┌──
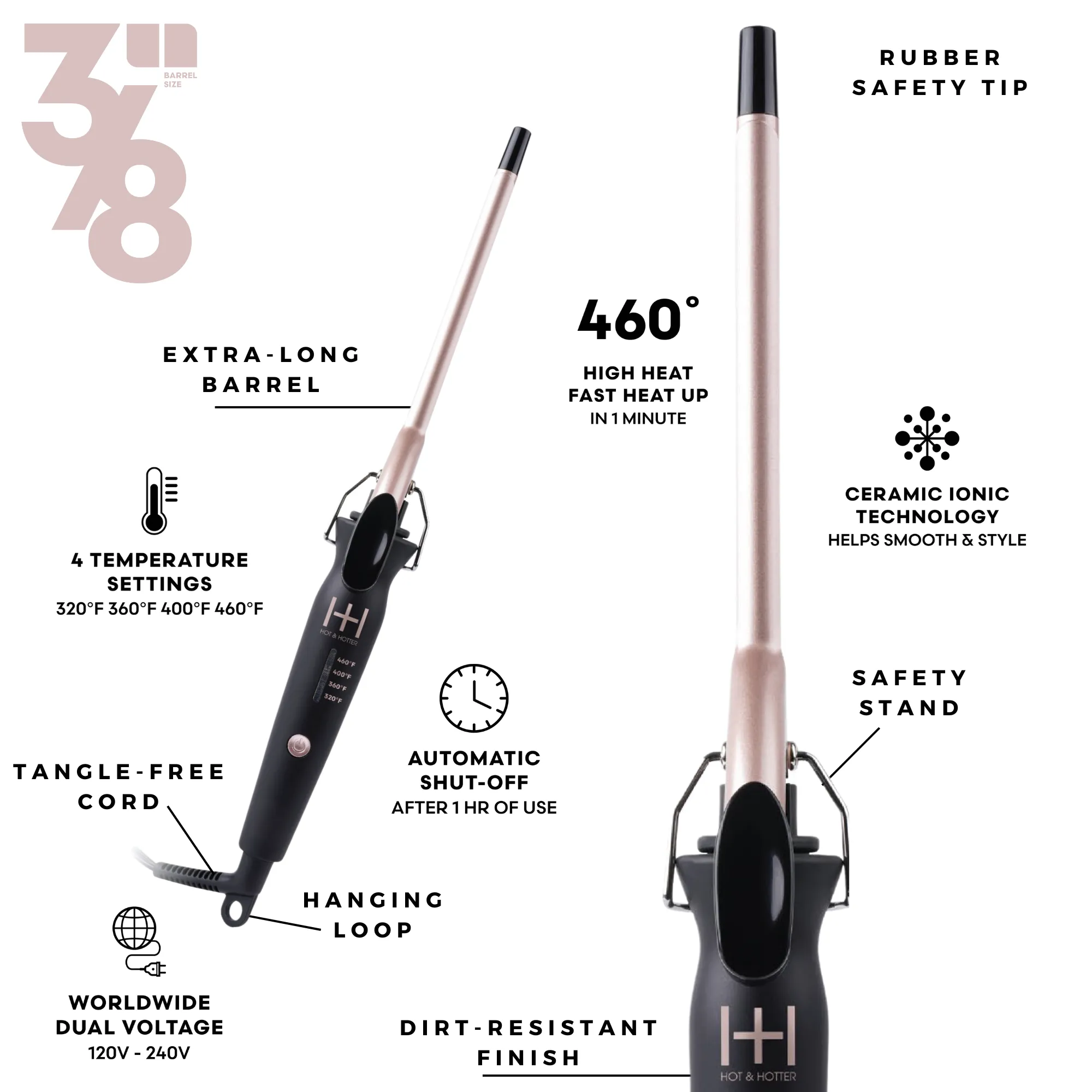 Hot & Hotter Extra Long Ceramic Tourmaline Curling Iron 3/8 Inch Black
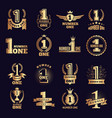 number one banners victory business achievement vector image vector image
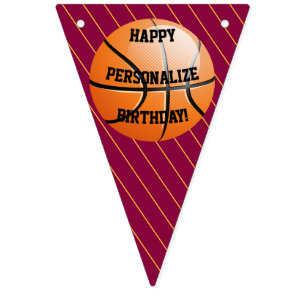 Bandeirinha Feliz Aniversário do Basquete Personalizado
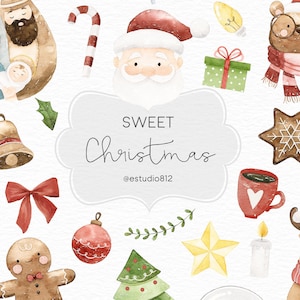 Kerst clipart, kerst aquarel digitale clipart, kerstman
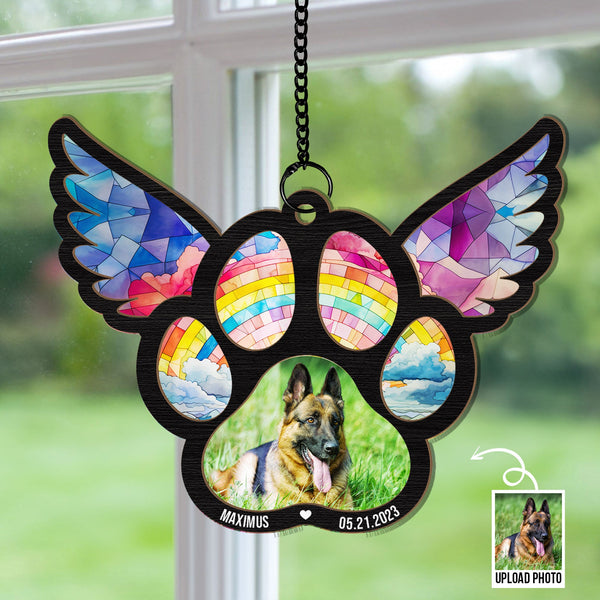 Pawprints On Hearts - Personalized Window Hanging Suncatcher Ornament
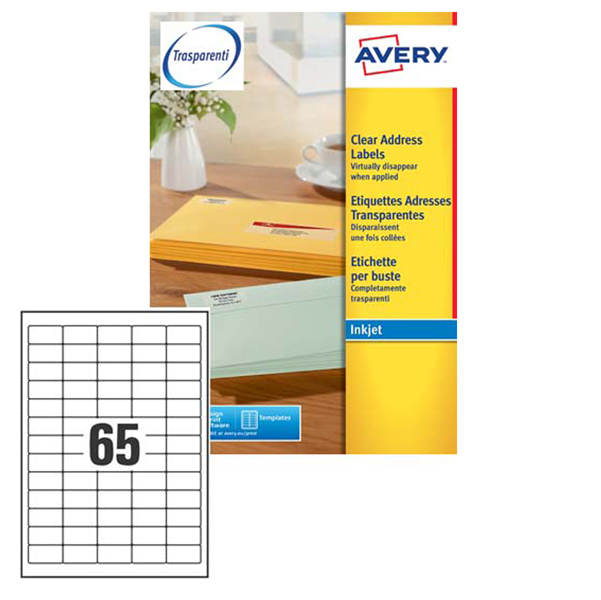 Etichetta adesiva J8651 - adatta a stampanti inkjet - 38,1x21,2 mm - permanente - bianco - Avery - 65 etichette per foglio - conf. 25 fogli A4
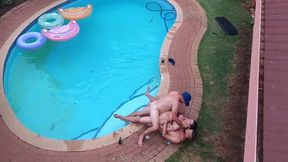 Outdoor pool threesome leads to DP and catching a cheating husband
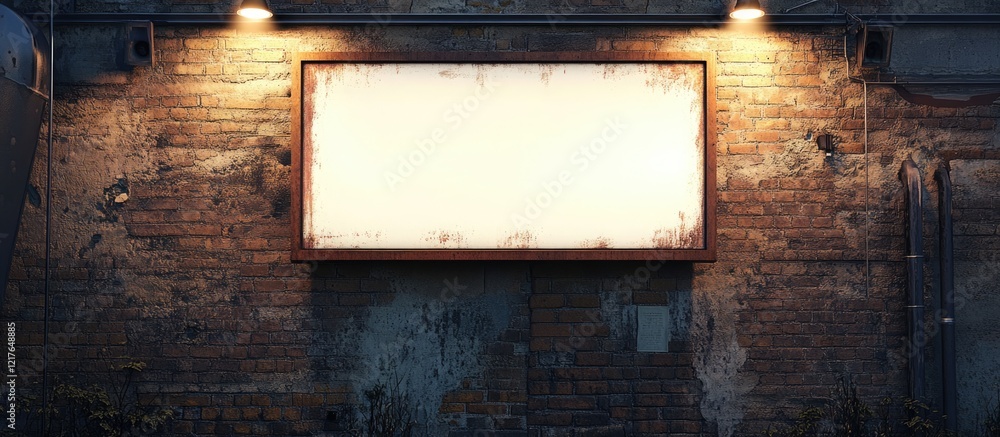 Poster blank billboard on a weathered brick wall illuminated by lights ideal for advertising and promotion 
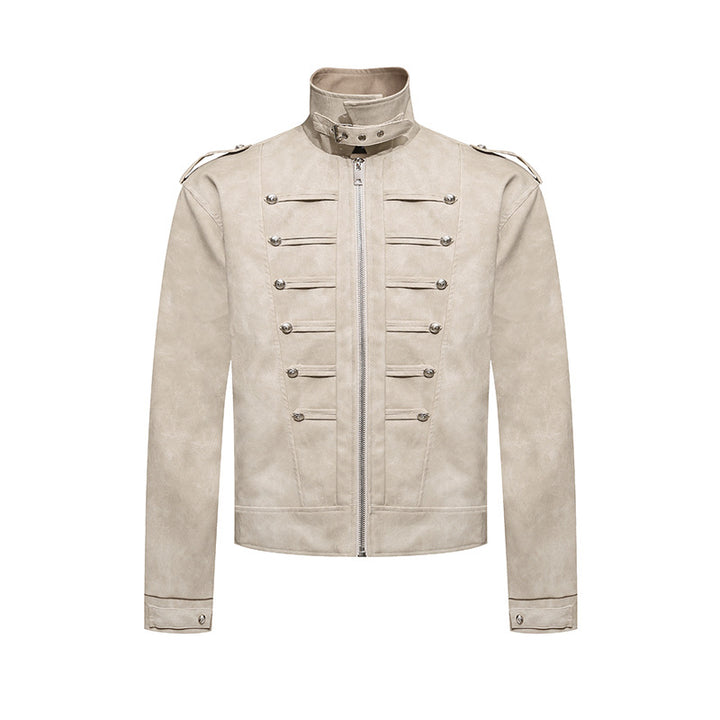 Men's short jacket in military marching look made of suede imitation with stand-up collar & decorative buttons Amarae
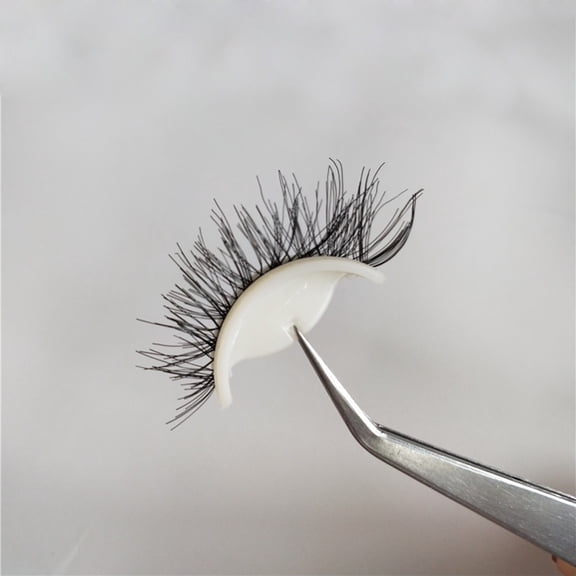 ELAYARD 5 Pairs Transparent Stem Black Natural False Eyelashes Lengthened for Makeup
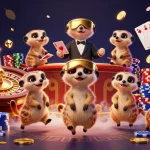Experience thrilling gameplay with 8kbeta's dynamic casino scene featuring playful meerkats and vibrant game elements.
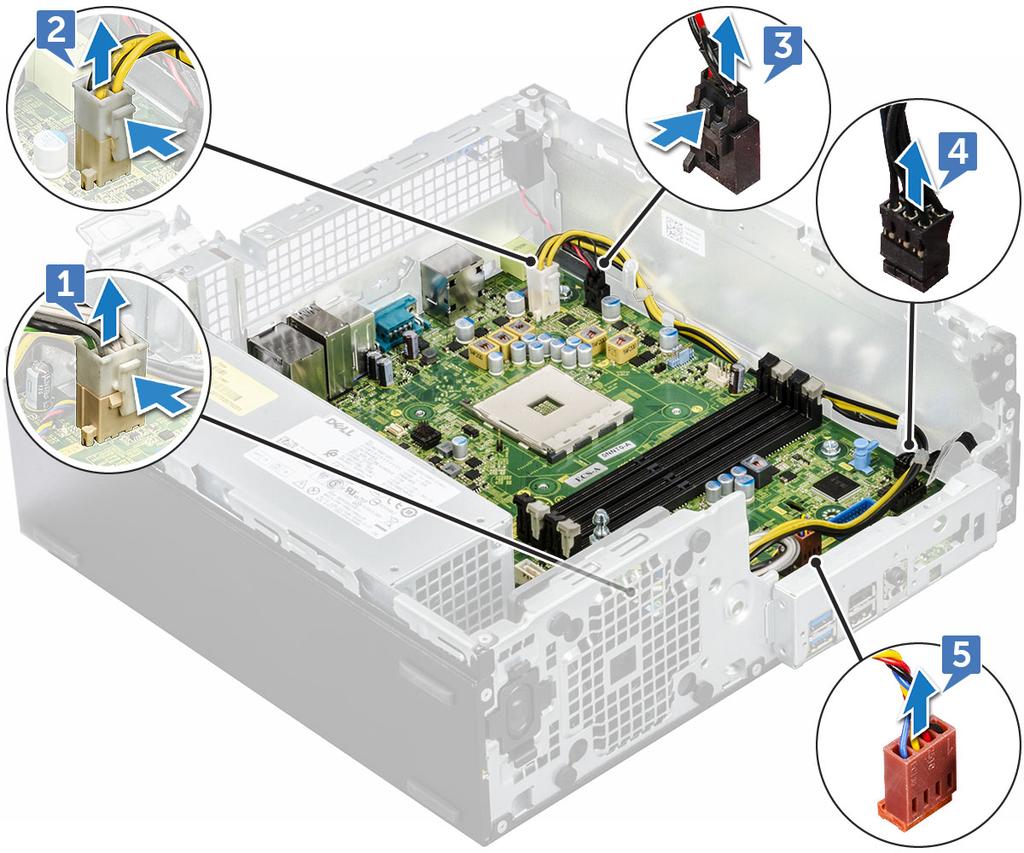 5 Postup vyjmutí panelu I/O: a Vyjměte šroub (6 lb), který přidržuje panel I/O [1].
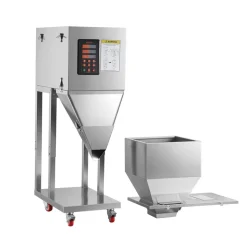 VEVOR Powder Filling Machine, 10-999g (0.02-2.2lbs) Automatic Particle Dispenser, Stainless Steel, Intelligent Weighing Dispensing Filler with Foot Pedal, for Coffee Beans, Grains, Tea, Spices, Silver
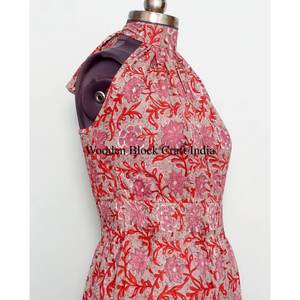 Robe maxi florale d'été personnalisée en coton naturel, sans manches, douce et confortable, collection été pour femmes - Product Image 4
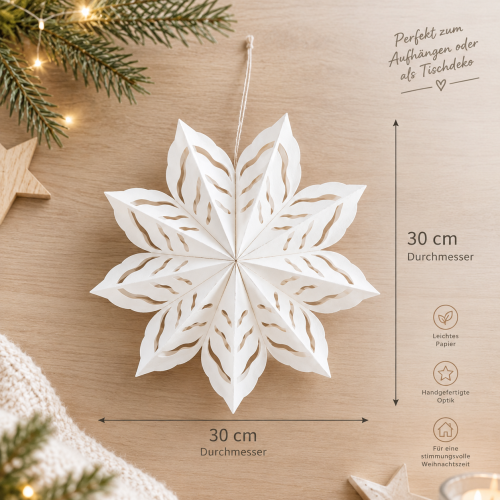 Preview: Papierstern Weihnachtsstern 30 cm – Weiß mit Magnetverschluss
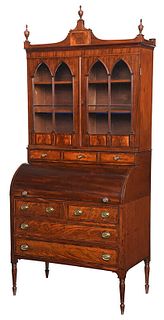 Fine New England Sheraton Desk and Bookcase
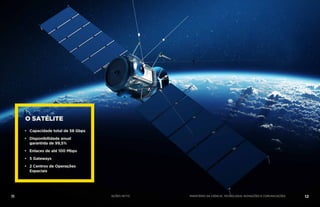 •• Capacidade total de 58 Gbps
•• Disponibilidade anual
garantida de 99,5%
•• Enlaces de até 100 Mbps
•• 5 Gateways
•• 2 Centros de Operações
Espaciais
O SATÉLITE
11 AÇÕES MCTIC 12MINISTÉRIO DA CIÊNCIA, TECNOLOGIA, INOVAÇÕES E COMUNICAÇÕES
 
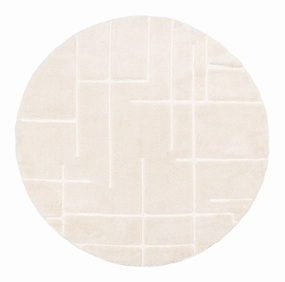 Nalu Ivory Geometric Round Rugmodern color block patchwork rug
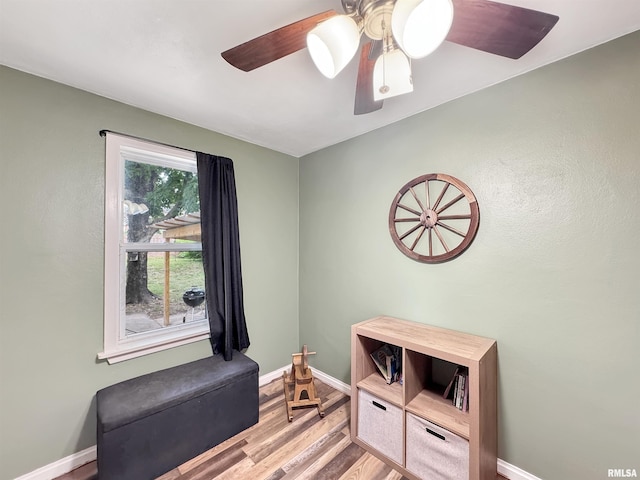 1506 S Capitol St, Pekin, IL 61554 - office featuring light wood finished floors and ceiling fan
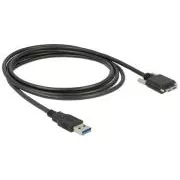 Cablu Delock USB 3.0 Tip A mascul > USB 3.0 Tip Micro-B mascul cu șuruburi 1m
└──
WORK TASK:
An exact copy is needed of the entries above, starting at the line that holds "Outdoor pool threesome" and stopping at the line that holds "Poster blank billboard", both kept; pictures stay out.

RESULT BELOW:
 Outdoor pool threesome leads to DP and catching a cheating husband
 Poster blank billboard on a weathered brick wall illuminated by lights ideal for advertising and promotion 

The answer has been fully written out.